Directions >> Without the pictures, write out all the lines below exactly as they appear.
Exercise data: Begin
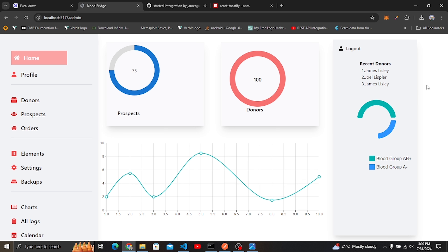I'll leave the prospect count and donor count stats for you to implement — just fetch prospects and donors and use .length to get the totals. That covers the main statistics work.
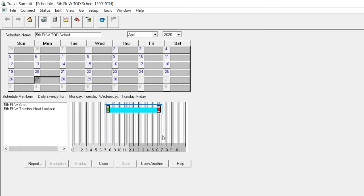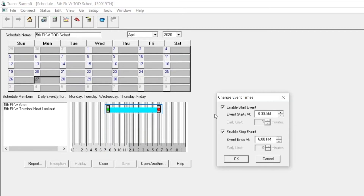Once the schedule opens, you can edit the schedule times or you can stop the schedule from running any equipment. You may wish to change the event times to later in the evening when energy is generally cheaper for commercial customers.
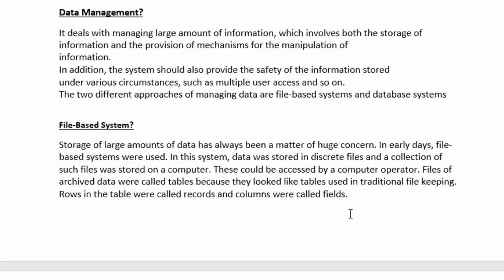The data stored was referred to as tables, like those used in traditional file-keeping. Rows in the table were typically called records and columns were called fields. So in a table, rows are called records and columns are called fields.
Exercise data: End
Task output >>
I'll leave the prospect count and donor count stats for you to implement — just fetch prospects and donors and use .length to get the totals. That covers the main statistics work.
Once the schedule opens, you can edit the schedule times or you can stop the schedule from running any equipment. You may wish to change the event times to later in the evening when energy is generally cheaper for commercial customers.
The data stored was referred to as tables, like those used in traditional file-keeping. Rows in the table were typically called records and columns were called fields. So in a table, rows are called records and columns are called fields.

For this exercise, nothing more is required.